It was the second half of the 18th century, when Matvey Kazakov built Petrovsky palace on the north-west outskirts of Moscow. These were Petrovsky abbey lands at that time. Park replaced open spaces and gardens around the palace a bit later: in 1829. Staying at the palace before the ceremonial entry to Moscow became a tradition of Royal family, which continued after the railroad construction.
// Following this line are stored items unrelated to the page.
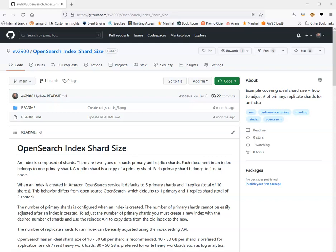Hello, and welcome to this video. We're going to discuss OpenSearch index shard sizes and counts. Everything I'll show you corresponds to the GitHub repository that I have open. Most of this video I'll spend in the OpenSearch dashboard using the console to send API commands, and I'll show you how to adjust the number of primary and replica shards on an OpenSearch index.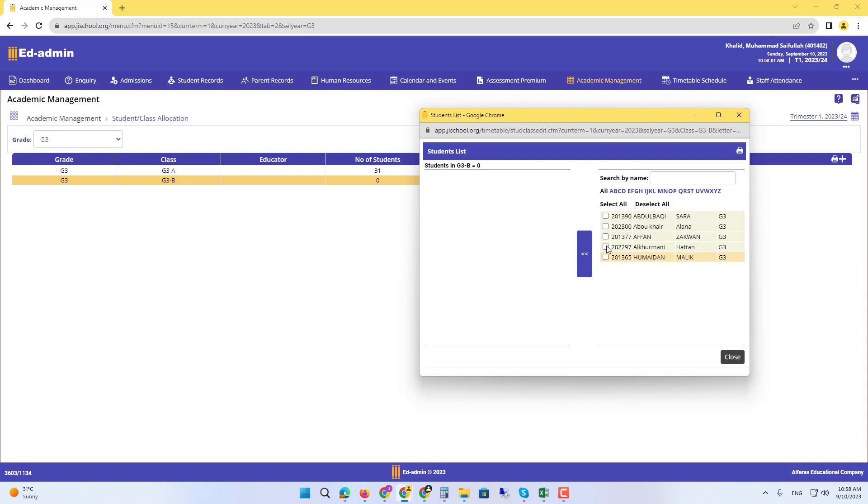Yes, select the grade and then use the plus button to add the students. Do we make grade three B as a female class, or you need grade three C?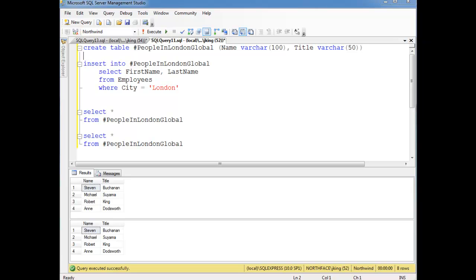So we've seen common table expressions, we've seen temporary tables. The last one I'm going to show you are table variables, which is another way of non-persistent table storage. We're not actually creating a table that's being stored in our database, but instead we're just making some table-like variable, a temporary thing that we can use as we need to.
Specially for that Tsarskaya line was built from Nikolayevskaya railroad to the Brest (Belorusskiy for now) railway station. The Royal family was arriving to the Petrosky palace to make a ceremonial entry to the capital the next day. The place had some transformations during the 20th century: Beria’s dacha, “Dinamo” stadium and two metro stations (one of which is still under construction) are placed there now. Let’s go for a walk through the park and look for some interesting places and historical artifacts.
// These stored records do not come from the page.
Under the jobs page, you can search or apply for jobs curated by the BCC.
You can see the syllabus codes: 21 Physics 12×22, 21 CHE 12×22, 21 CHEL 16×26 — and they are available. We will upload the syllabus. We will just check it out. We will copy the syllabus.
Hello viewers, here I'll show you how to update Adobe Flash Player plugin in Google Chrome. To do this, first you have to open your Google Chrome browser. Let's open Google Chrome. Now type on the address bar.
1. It’s locigal to start the excursion from the “Dinamo” metro station, which is placed at the corner of Peterburgskoye highway near the middle part of the park. The station’s hall was designed by Dimtry Chechulin, bas-reliefs – by Elena Yason-Manizer.
2. A part of the park, located between metro station and the palace, preserved the best: other ones are divided by the streets, or are built-up.
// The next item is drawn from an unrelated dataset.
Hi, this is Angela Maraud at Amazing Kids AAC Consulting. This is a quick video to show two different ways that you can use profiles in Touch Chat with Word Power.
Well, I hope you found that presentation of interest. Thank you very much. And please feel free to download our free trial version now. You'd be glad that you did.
3. Petrovsky palace is a Russian neo-Gothic masterpiece.
4. This is where Napoleon came, escaping from the Moscow conflagration in 1812.
5. «Here stands, with shady park surrounded,
Petrovsky Castle; and the fame
in which so lately it abounded
rings proudly in that sombre name.
Napoleon here, intoxicated
with recent fortune, vainly waited
till Moscow, meekly on its knees,
gave up the ancient Kremlin-keys:
but no, my Moscow never stumbled
nor crawled in suppliant attire.
No feast, no welcome-gifts — with fire
the impatient conqueror was humbled!
From here, deep-sunk in pensive woe,
he gazed out on the threatening glow.»
A.S.Pushkin, «Eugene Onegin», part 7. (tr.Ch.Johnston)
6. Zhukovsky Air Force Engineering Academy was taking place in the palace from 1920 to 1997 (with one break: Academy was evacuated to Sverdlovsk during the war, and 18th Air army’s headquarters were placed here).
7. After reconstruction, The House of Moscow Government receptions, elite hotel, restaurant, swimming pool and sauna were placed in the palace.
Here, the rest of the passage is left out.